Goethe-Wirth


Trecho do prefácio de Albert Lantoine para a 1ª edição da tradução francesa do Conto da Serpente Verde






Quantas vezes não ouvimos dizer com ironia: "Este crítico que analisa a tragédia de Racine descobre nela encantos que o próprio poeta jamais sonhou." Ele não percebe que a letra não pode limitar o espírito e esquece a virtude misteriosa do que se convencionou chamar de Inspiração. Toda idéia tem ressonâncias múltiplas, e nossa visão não deve se limitar ao seu cenário.

Os comentadores esclarecidos de um filósofo não auxiliam apenas o leitor a compreender sua doutrina, eles a revelam ao próprio filósofo.

Estudem Goethe! Não tenho a pretensão de analisar sua obra em poucas palavras; minha obrigação deve se limitar a apresentar ao público o brilho sutil de seu pensamento. Mas, sem este último, como não me perder nesta obra tão rica e tão robusta, à qual poderia se aplicar apropriadamente este verso de Albert Samain:

                        É a floresta do Sonho e do Encantamento.

Floresta plena de sol e de sombra, mas de uma sombra que se sente plena de luz, floresta onde a claridade do paganismo grego se casa com o simbolismo obscuro das crenças germânicas, e onde às vezes se tem a impressão de ver Vênus a dançar com Titânia.

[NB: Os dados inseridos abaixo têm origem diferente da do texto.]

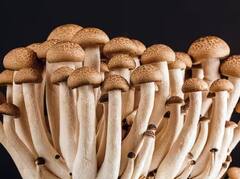 Mushroom Farming: ਮਸ਼ਰੂਮ ਦੀ ਖੇਤੀ ਤੁਹਾਨੂੰ ਬਣਾ ਦੇਵੇਗੀ ਮਾਲਾਮਾਲ, ਇਨ੍ਹਾਂ ਗੱਲਾਂ ਦਾ ਰੱਖੋ ਖਾਸ ਧਿਆਨ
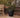 FLOREIRA REDONDA MAGNOLIA 45 CM EM COR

Como me orientar, então, neste conto sem o fio de Ariadne que Oswald Wirth me estende com indulgência?

* * *

Goethe-Wirth. Certamente não podemos dar à aliança desses dois nomes um sentido analógico que ela não tem. Mas imagino – como em uma cena de Fausto – o pálido patriarca de Weimar inclinado sobre a face ascética de Oswald Wirth, ouvindo atentamente a engenhosa interpretação de seus sonhos. No entanto, os próprios alemães não se espantariam com esta intimidade. Eles sabem que não há pesquisador mais abalizado do que Wirth no estudo dos símbolos. Ele é o grande decifrador de hieróglifos, de nomes e de pantáculos onde sábios prudentes dissimularam aos Bárbaros no passado as riquezas de sua sabedoria. Ele as desvela aos sacerdotes que a esqueceram e aos franco-maçons que nunca compreenderam o mistério subjacente no esoterismo de seus gestos.

Na França, Oswald Wirth tem muitos admiradores, mas entre nós toda reputação de ocultista não deixa de inspirar alguma desconfiança. Existiram aqui – e existem ainda, infelizmente! – muitos charlatães que prostituíram a Grande Obra pela exploração de miseráveis crendices. Mas Oswald Wirth, apesar das sílabas cabalísticas de seu nome, é um bruxo moderno. O tarô não é um jogo de cartas trapaceadas nas mãos deste homem honrado.

Esta apresentação parece demasiado elogiosa – sobretudo ao próprio M. Wirth – a respeito deste pequeno livro onde ele pode dar toda a medida de sua "adivinhação". Mas não esqueçamos que ele é o autor do Livro do Mestre, e quero repetir aqui o que escrevi a seu respeito quando da publicação de seu Simbolismo Hermético ( * ):

É a elevação de sua alma que faz sua inteligência lúcida. Para entender o outro é preciso desfazer-se de toda mácula moral. A clarividência Daquele cujo reconhecimento popular santificou não tinha outra fonte senão a pureza de sua existência. Emerson – este crente que se aproximou do panteísmo de Goethe com uma inquietação deslumbrada – antecipou Wirth ao escrever:

"Todo espírito que não quer se enganar, por força da honestidade... pode superar todas as dificuldades como o sol de verão derrete as nuvens."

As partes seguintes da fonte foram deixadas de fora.